Drew Friedman’s Sideshow Freaks
Drew Friedman
Foreword by Penn Jillette
Hardcover • 8 x 8″ • 112 pages
Nonfiction • Color illustrations throughout • $19.95
ISBN:0-922233-36-6
Foreword by Penn Jillette
Acclaimed by R. CRUMB (“I wish I had THIS guy’s talent.”), CHRIS WARE (“The unchallenged living master of caricature”), GRAYDON CARTER of Vanity Fair (“Simply without peer”), and THE NEW YORK TIMES BOOK REVIEW (“The Vermeer of the Borscht Belt”), Drew Friedman has created illustrations appearing in countless publications—The New Yorker, Spy, Raw, The New York Observer, to name a few, for more than thirty years. In DREW FRIEDMAN’S SIDESHOW FREAKS (February 2011/nonfiction), with a Foreword by master illusionist PENN JILLETTE of Penn and Teller, he explores his lifelong fascination with the lost world of Johnny Eck, “King of the Freaks”; Dolly Dimples, “The World’s Most Beautiful Fat Lady”; Otis Jordan, “The Human Cigarette Factory”; and others who put themselves on show in the heyday of the carnival sideshow.
Before the politically correct impulses of the 1970s squelched the grand American tradition of the sideshow, people born with abnormalities and others who created their oddity exhibited themselves to the shock and thrill of millions in sideshows nationwide, from Ringling Brothers circuses to World’s Fairs to Coney Island. As a youngster in the late sixties and early seventies, Drew Friedman often visited Coney Island with his family, and he and his brothers always insisted on seeing the “Freak Show.” Here, in the last vestiges of the extravaganza of humans on display, Drew became fascinated with people who are different, like Jolly Jere, the 800-pound “Fat Man” who kept his sense of humor though not his wife—as his weight ballooned, she took the kids and fled. A Borscht Belt comedy sensibility was integral to the sideshow in its golden days, and many of the performers displayed themselves with humor of every variety: dark, zany, and classic Vaudeville schtick.

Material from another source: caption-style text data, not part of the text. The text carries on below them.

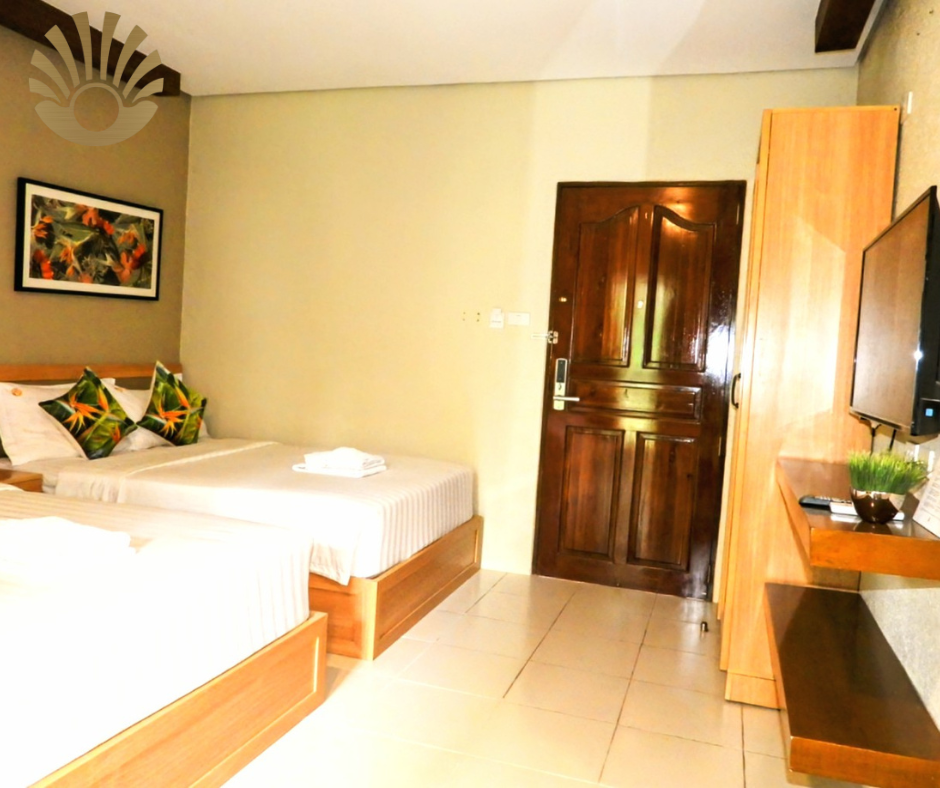 Pearl Vista De Coron Resort Hotel Екстериор снимка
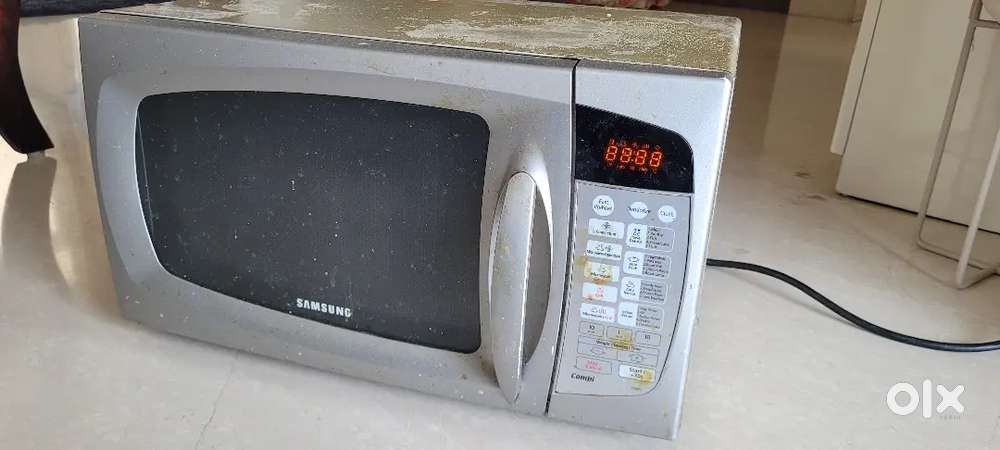 Samsung microwave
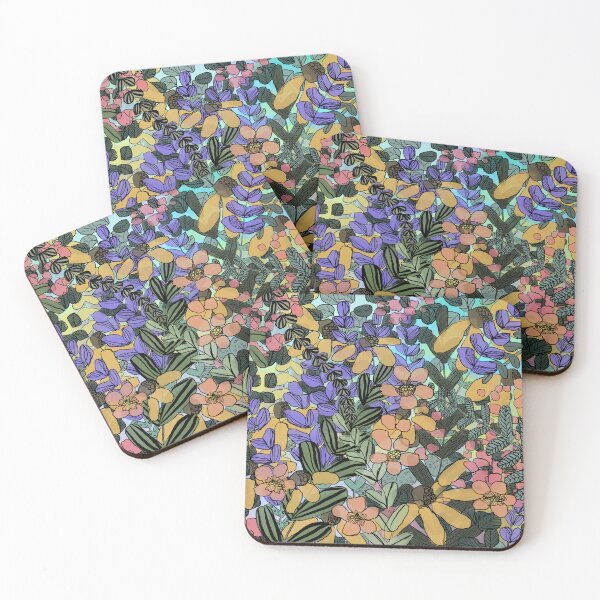 Item preview, Line design flowers designed and sold by SJBT58.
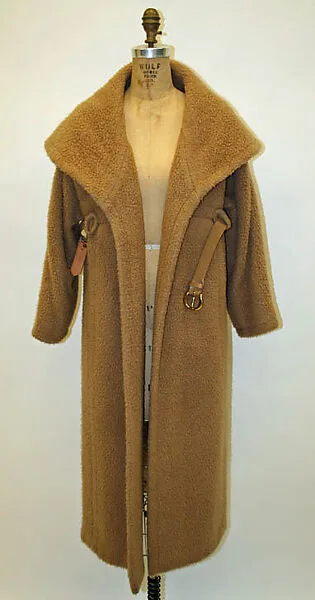 Coat — Claire McCardell|Townley Frocks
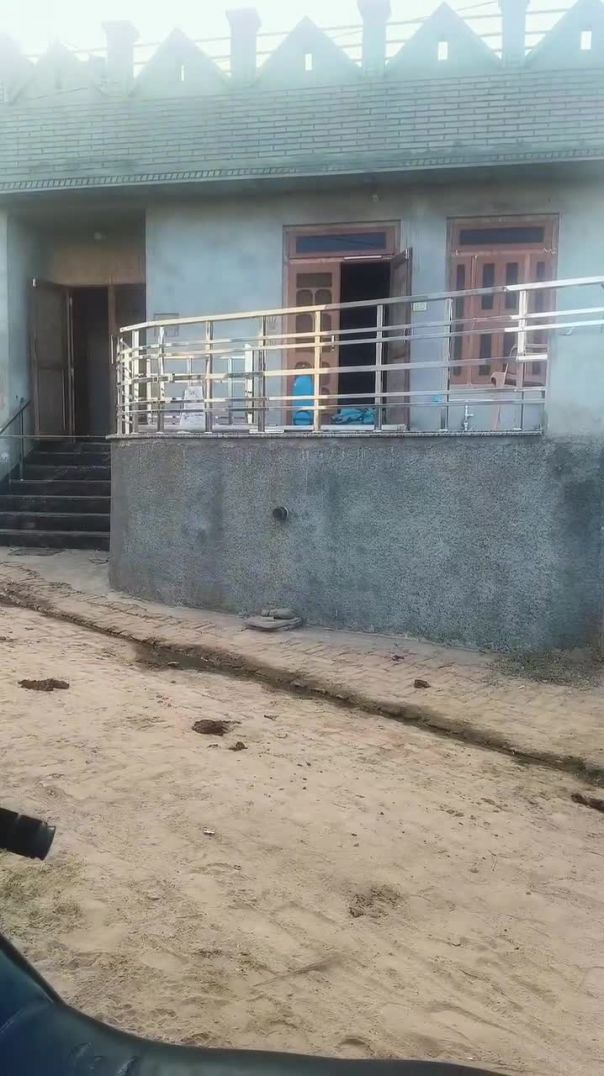 स्टील रेलिंग ❤️‍🩹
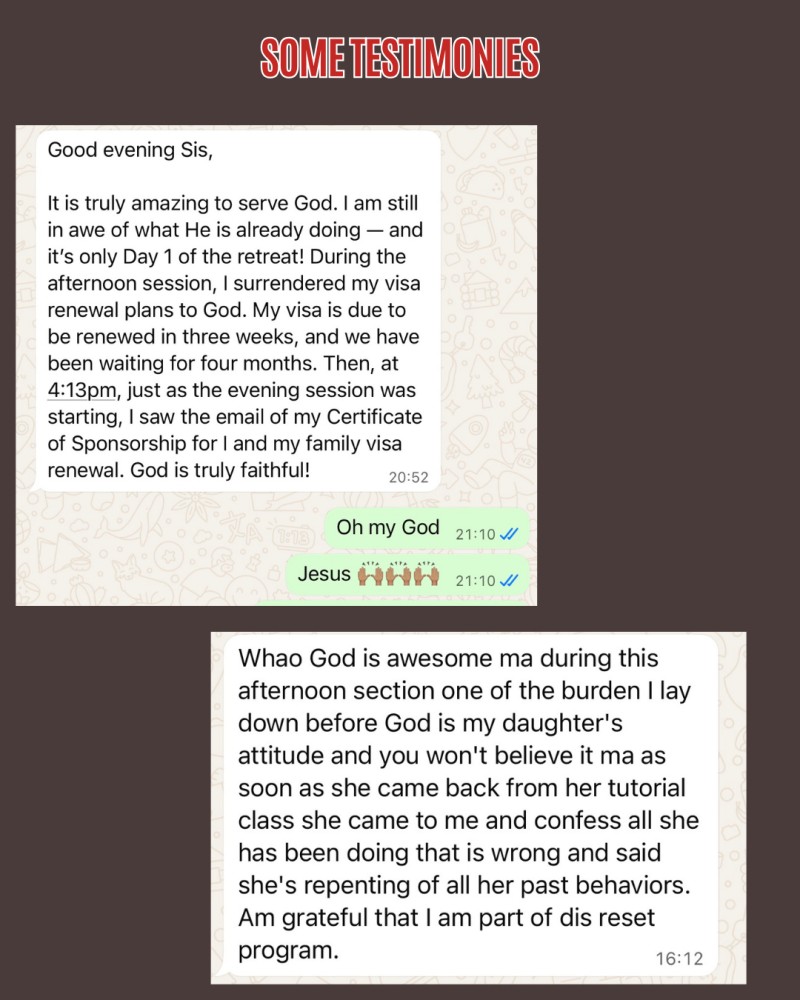 Customer review 1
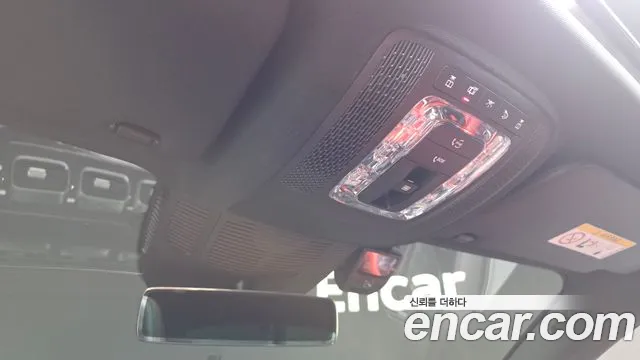 Mercedes-Benz GLE-Class — Фото автомобиля 25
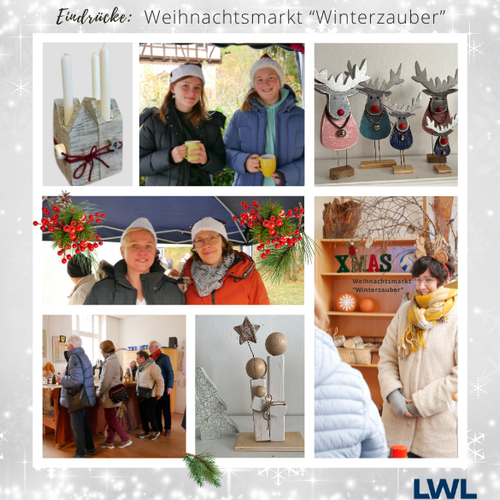 Eindrücke der Veranstaltung: Winterzauber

DREW FRIEDMAN’S SIDESHOW FREAKS presents fifty of Drew’s favorite historic human oddities—famous and obscure—in mesmerizing full-color portraits. As in Warts and All, Old Jewish Comedians, and More Old Jewish Comedians, Drew Friedman once again meticulously, brilliantly, and affectionately brings to life people in the show business, this time focusing on America’s oddest performers.